TNC le 04/02/2020 à 09:55
Guillaume Compin, céréalier dans l'Indre, a investi dans la station météo connectée Météus il y a trois ans. (©Nicolas Mahey)

Guillaume Compin, céréalier dans l'Indre, a investi dans la station météo connectée Météus il y a trois ans. (©Nicolas Mahey)

Céréalier dans l’Indre, Guillaume Compin a fait installer en 2017 une station connectée Météus sur son exploitation. N’habitant pas sur place, il peut ainsi consulter un large panel de données météo depuis son smartphone et organiser au mieux ses chantiers. Mieux : Météus communique avec son logiciel de gestion de parcelles et un modèle de risque maladies sur blé. Une interconnexion qui lui permet de positionner très précisément ses traitements phytos.

Monté sur un pied métallique et bardé de capteurs, l’engin trône fièrement dans la cour de la ferme de Villeclair. Il s’agit de la station météo connectée Météus dans laquelle Guillaume Compin, céréalier dans l’Indre (36) a investi en 2017. Installé sur 270 ha à Diors, le jeune homme produit du blé, du colza, de l’orge, des tournesols et un peu de lentilles. Problème, il n’habite pas sur l’exploitation. Pas simple pour connaître la météo avec précision sans avoir à se déplacer. « J’ai installé la station au plus près de mes parcelles dont la plupart ne sont pas trop éclatées – hormis 70 ha situés à une dizaine de kilomètres, explique-t-il. Je consulte les données météo de chez moi, sur mon téléphone grâce à l’appli Météus ».

Prévisions météo à 10 jours, historique de pluviométrie, vitesse du vent, hygrométrie, température en temps réel… Guillaume Compin a accès à tout et s’organise en conséquence : Va-t-on pouvoir labourer ? Semer ? Sortir le pulvé ?

L’application comporte d’ailleurs un planning de traitement, une fonction que Guillaume Compin utilise beaucoup. D’où son choix d’investir dans un modèle de risque maladies spécialement dédié au blé, développé par Arvalis-Institut de Végétal. Un outil d’aide à la décision (OAD) qu’il utilise en lien avec son logiciel de gestion de parcelles, Géofolia, et sa station Météus.

« Je renseigne mes types de sol dans Géofolia, les variétés semées, les dates, etc. La station complète automatiquement et en temps réel les données météo ». En se basant sur ces informations, l’OAD blé calcule les risques de maladies et conseille sur l’opportunité de déclencher un traitement. « Cela permet d’intervenir au meilleur moment si nécessaire, et surtout d’économiser un passage si ce n’est pas utile. L’économie d’un fongicide permet de rentabiliser la station ». L’année dernière, il n’est ainsi intervenu qu’une fois. « La pression maladie n’était pas très élevée. Je n’aurais de toute façon fait qu’un seul traitement, mais l’OAD d’Arvalis m’a conforté dans mon choix ».
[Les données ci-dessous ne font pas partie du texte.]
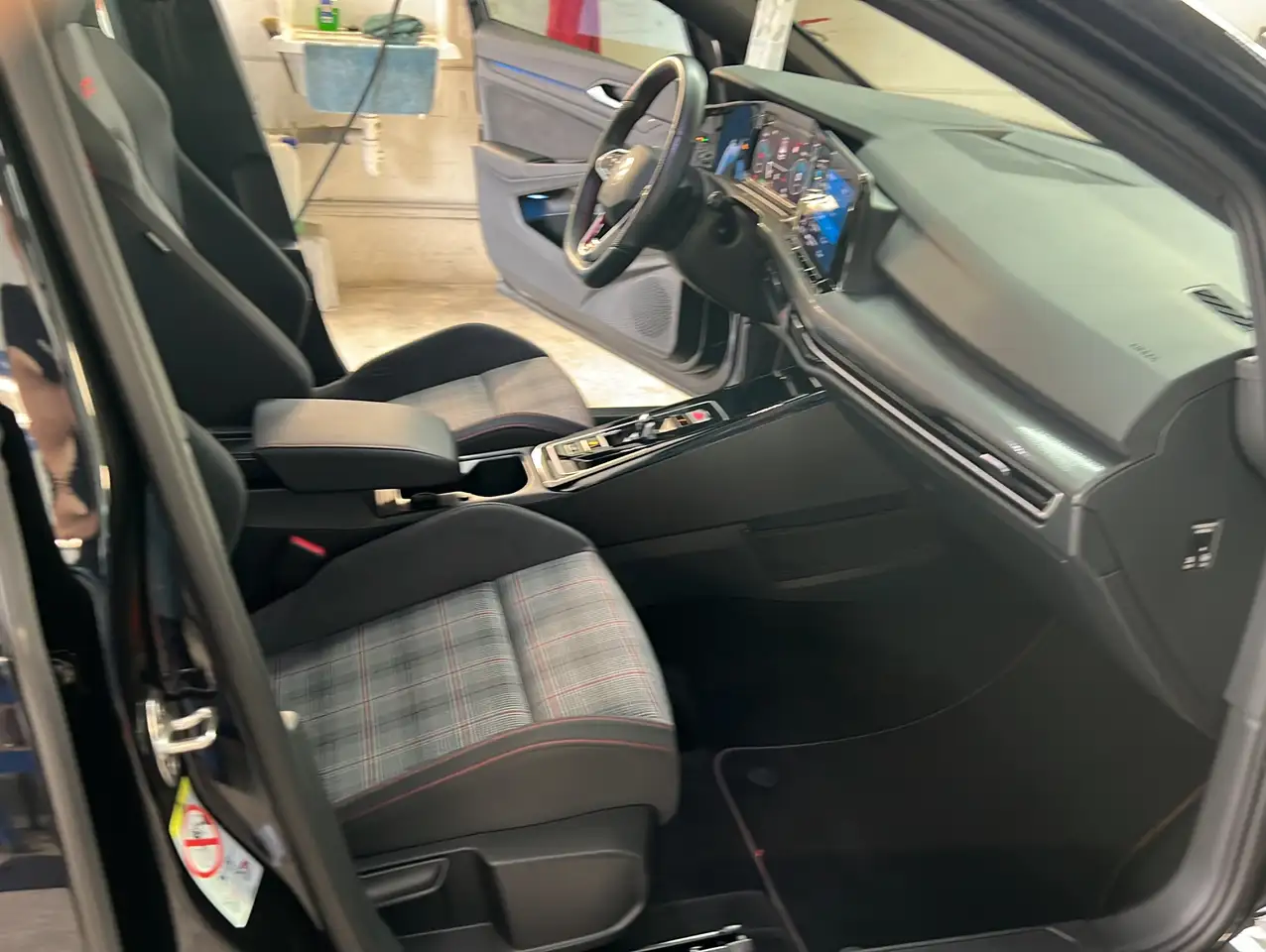 Volkswagen Golf 2.0 TSI GTI DSG*Navi*LED*Kamera*ACC*LED+ — Galería del vehículo 19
Accéder aux données des stations voisines

La station Météus envoie également (de manière automatique) ses mesures au logiciel Géofolia : une fonctionnalité permettant de tracer les conditions météo lors d’une intervention réglementée, comme la vitesse du vent lors de l’application d’un traitement. Utile pour montrer patte blanche en cas de contrôle. Cerise sur le gâteau, Guillaume Compin peut consulter les données météo des autres stations Météus autour de sa ferme via la fonction maillage : « J’ai des terres qui sont séparées du gros de mes parcelles par une forêt. L’été, il arrive qu’il y ait des orages localisés sur ce secteur-là. Je peux le savoir grâce à la station de mes voisins, qui ont également accès à la mienne ». En fait, il lui est même possible de se connecter à toutes les stations françaises : plus de 1 000 à ce jour.